Connect pods to GKE cluster
Our current inference operations are conducted on Google Kubernetes Engine (GKE). We are interested in leveraging RunPod's GPU offerings for inference tasks. Could you provide information on how to set up and utilize RunPod GPUs for inference purposes?
7 Replies
basically you use an external registry, put the auth details in runpod
https://docs.runpod.io/pods/templates/overview
Overview | RunPod Documentation
Docker templates: pre-configured images with customizable settings for deploying Pods, environment variables, and port management, with options for official, community, and custom templates.
then you create a pod using your image
you can use pods / serverless, https://docs.runpod.io/pods/overview
but this isnt kubernetes each pod = container
Overview | RunPod Documentation
Run containers as Pods with a container registry, featuring compatible architectures, Ubuntu Linux, and persistent storage, with customizable options for GPU type, system disk size, and more.
@nerdylive Is there a way to auto-scale pods based on demand or do we need serverless for that?

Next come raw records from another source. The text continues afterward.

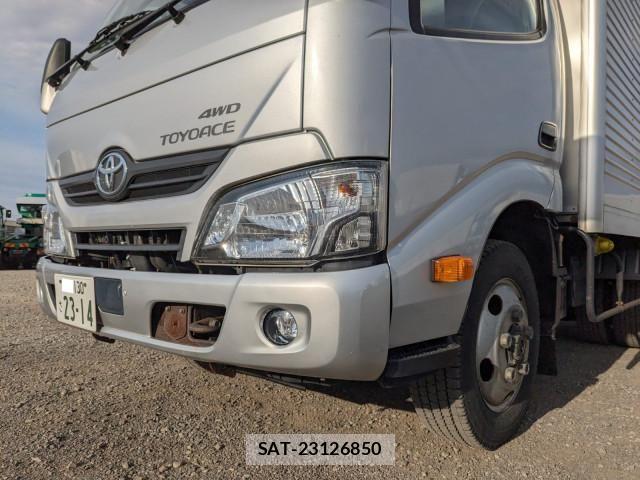 Hino DUTRO 2019-04 6791004-25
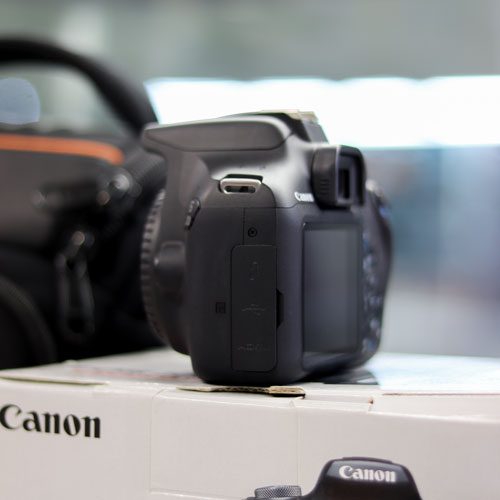 دوربین عکاسی کانن Canon EOS 2000D Kit EF-S 18-55mm IS II دست دوم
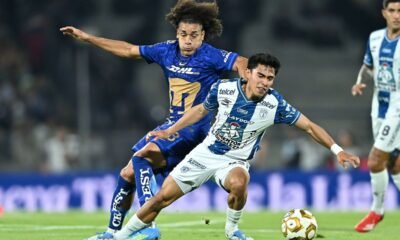 Adalberto Carrasquilla, de Pumas, con Elías Montiel, de Pachuca. Foto: Liga MX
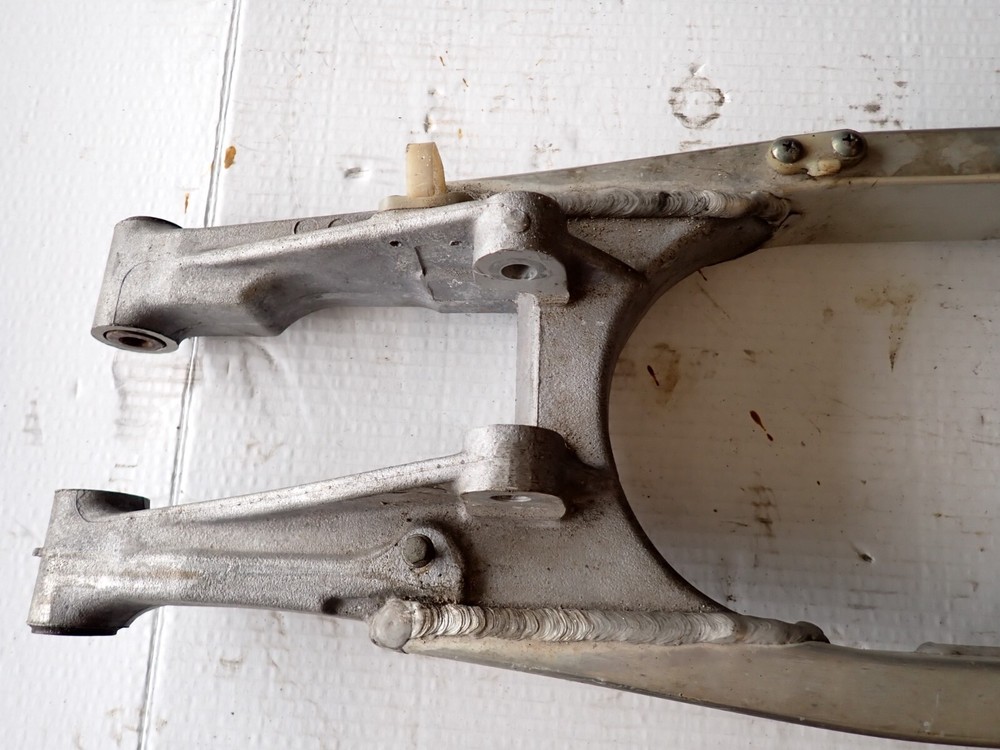 1990 1999 Suzuki RM 80 swingarm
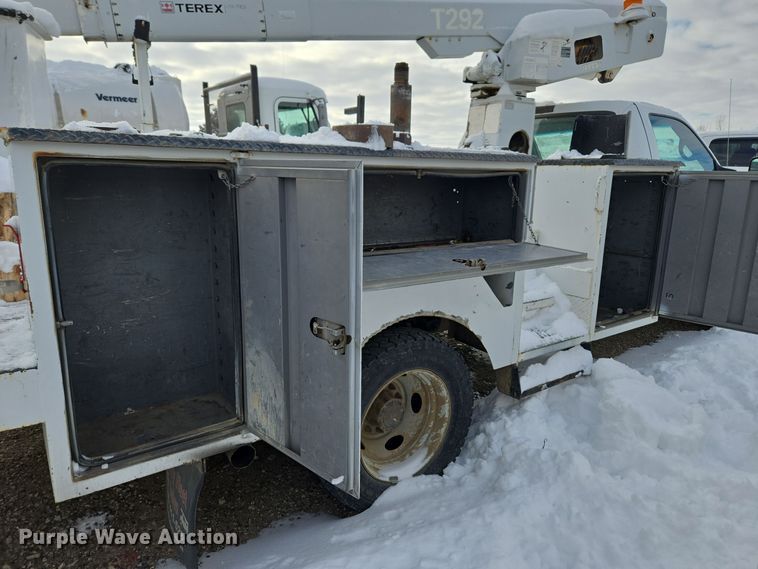 image for item ER5060 1999 Ford F450 Super Duty bucket truck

You need serverless for that
You can scale pods using rest api
But yeah manually
@nerdylive There are other essential services like DB, Message Queues etc running on my GKE cluster which needs to be connected to my service running on runpod, all these can be configured through ports?
Yes, but ports in runpod aren't ports like in other clouds
Http ports are forwarded via a link ( you can deploy one and see how it works or read runpod docs)
And tcp is also forwarded into another port
I'm not sure about that I haven't tried using them, how do you usually connect them?